Hi I’m trying to uprgrade to pymc5 in order to try out nutpie but am struggling to understand how to convert the model which used theano/aesera shared variables to the new pm.Data container. My model is something like this
age = data_df.age_num.astype(int).values
age_sh = shared(age)
n_age = len(set(age))
region = data_df.region
n_region = len(set(region))
observed_data = data_df.obs
def hierarchical_normal(name, shape, μ=0.0):
Δ = pm.Normal("Δ_{}".format(name), 0.0, 1, shape=(shape, 4)) # 4 is num parties
σ = pm.HalfCauchy("σ_{}".format(name), 1)

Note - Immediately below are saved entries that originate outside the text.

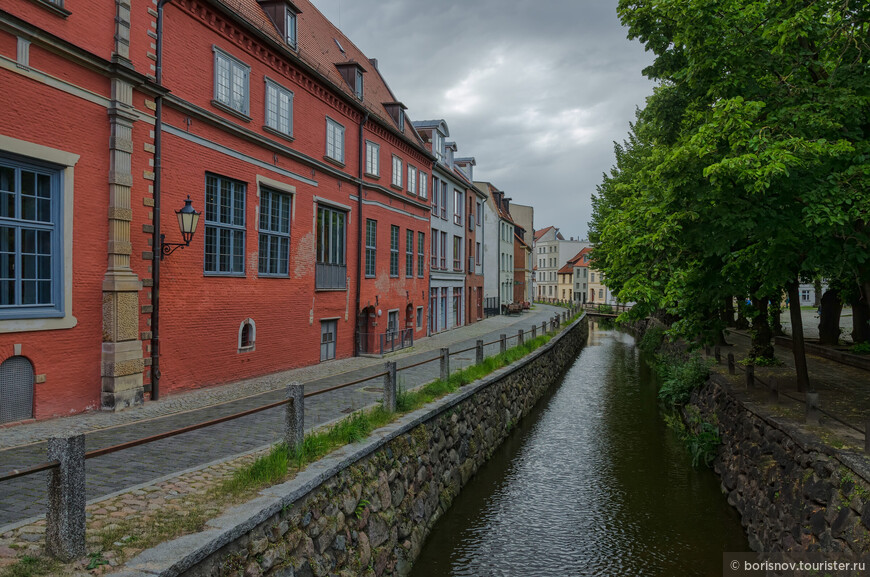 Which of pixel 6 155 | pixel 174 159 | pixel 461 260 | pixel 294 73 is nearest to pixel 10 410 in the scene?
pixel 6 155

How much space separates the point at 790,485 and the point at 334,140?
50.1 ft

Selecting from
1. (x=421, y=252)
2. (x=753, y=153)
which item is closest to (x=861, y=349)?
(x=753, y=153)

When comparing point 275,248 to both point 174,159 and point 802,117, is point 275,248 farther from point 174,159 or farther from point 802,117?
point 802,117

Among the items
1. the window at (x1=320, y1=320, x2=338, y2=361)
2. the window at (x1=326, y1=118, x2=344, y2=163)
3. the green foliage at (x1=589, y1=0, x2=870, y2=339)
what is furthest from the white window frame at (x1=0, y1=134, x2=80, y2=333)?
the green foliage at (x1=589, y1=0, x2=870, y2=339)

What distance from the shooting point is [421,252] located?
89.2 feet

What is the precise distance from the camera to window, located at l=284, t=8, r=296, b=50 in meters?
16.1

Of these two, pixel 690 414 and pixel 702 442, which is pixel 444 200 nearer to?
pixel 690 414

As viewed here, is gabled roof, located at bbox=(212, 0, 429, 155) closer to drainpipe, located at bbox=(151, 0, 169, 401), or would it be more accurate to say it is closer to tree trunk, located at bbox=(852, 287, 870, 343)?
drainpipe, located at bbox=(151, 0, 169, 401)

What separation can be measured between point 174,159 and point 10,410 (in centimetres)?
562

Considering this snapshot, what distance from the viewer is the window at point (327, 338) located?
17.5 meters

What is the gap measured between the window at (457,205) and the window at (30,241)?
26.2 meters

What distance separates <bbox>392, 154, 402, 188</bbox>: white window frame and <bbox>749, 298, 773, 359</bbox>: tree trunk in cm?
1406

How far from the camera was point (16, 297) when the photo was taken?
8484mm

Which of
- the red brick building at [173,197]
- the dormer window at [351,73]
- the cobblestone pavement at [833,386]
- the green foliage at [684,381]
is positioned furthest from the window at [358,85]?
the cobblestone pavement at [833,386] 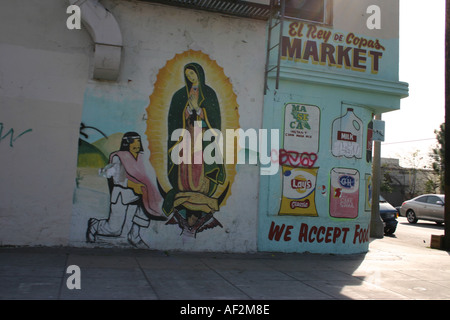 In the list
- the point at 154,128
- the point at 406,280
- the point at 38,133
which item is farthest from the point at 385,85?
the point at 38,133

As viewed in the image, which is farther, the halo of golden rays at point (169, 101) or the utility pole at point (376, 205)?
the utility pole at point (376, 205)

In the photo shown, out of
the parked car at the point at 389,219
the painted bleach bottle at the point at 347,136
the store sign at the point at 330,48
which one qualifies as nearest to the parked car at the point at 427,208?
the parked car at the point at 389,219

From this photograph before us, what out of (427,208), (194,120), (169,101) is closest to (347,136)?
(194,120)

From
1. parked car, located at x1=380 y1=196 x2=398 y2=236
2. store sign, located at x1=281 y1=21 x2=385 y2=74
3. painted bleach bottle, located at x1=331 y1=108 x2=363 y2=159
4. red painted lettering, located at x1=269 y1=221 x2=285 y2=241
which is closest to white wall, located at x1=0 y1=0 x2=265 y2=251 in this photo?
red painted lettering, located at x1=269 y1=221 x2=285 y2=241

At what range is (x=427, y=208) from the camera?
2147 cm

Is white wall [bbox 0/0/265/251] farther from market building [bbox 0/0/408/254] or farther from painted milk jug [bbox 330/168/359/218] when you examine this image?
painted milk jug [bbox 330/168/359/218]

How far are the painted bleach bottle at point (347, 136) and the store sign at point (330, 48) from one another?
1.09m

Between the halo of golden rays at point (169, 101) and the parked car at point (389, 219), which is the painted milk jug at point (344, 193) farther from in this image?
the parked car at point (389, 219)

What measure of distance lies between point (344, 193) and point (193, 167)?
345 centimetres

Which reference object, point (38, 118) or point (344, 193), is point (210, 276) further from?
point (344, 193)

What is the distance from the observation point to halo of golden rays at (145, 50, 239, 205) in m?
8.02

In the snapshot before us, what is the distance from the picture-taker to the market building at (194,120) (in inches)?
292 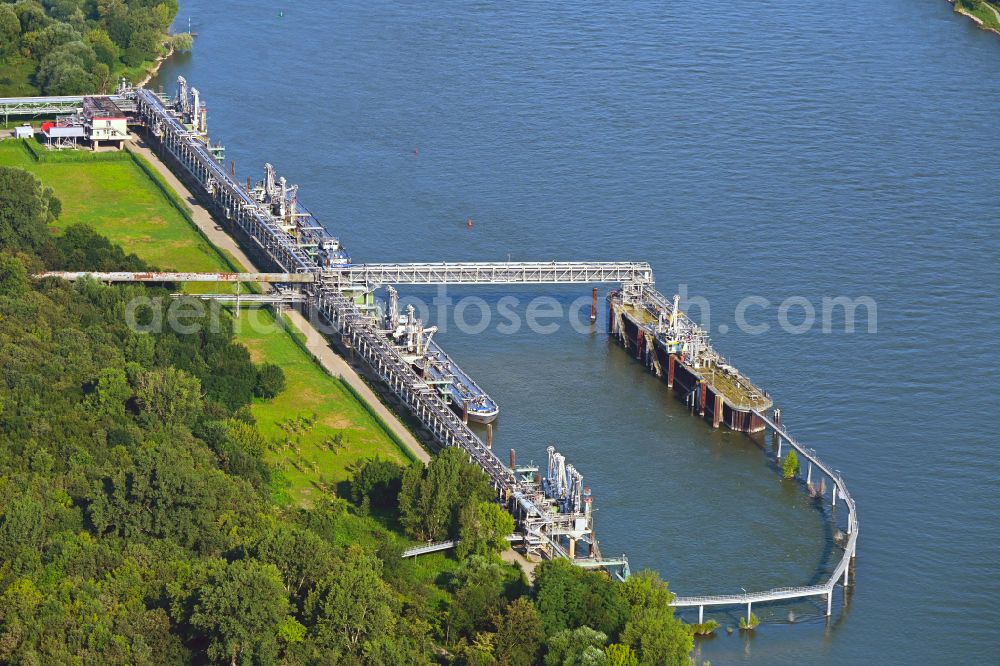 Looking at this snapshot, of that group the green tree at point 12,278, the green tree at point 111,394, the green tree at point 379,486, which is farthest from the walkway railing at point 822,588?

return pm.Deterministic(name, μ + Δ * σ)
with pm.Model() as model:
α_region = hierarchical_normal("state", n_region)
β0 = pm.Normal(
"β0",
0.0,
0.5,
shape=(1, 4),
)
η = β0 + α_age[age_sh ]
p = pm.math.softmax(η, axis=1)
obs = pm.Multinomial("O", n_, p, shape=(len(observed_data ), 4), observed=observed_data )
Currently this returns:
TypeError: TensorType does not support iteration. Maybe you are using builtins.sum instead of aesara.tensor.math.sum? (Maybe .max?)
Is there a simple way to make this work in pymc5? If not how should I write this using the pm.Data ?
Thanks
Rhys
Is that example complete? I don’t see where α_age
is defined and α_region
doesn’t seem to be used at all.
Yes sorry I’ve made a mistake when trying to make a minimal example, (I can’t seem to be able to edit the original post) the code should be
age = data_df.age_num.astype(int).values
age_sh = shared(age)
n_age = len(set(age))
region = data_df.region
region_sh = shared(region)
n_region = len(set(region))
observed_data = data_df.obs
def hierarchical_normal(name, shape, μ=0.0):
Δ = pm.Normal("Δ_{}".format(name), 0.0, 1, shape=(shape, 4)) # 4 is num parties
σ = pm.HalfCauchy("σ_{}".format(name), 1)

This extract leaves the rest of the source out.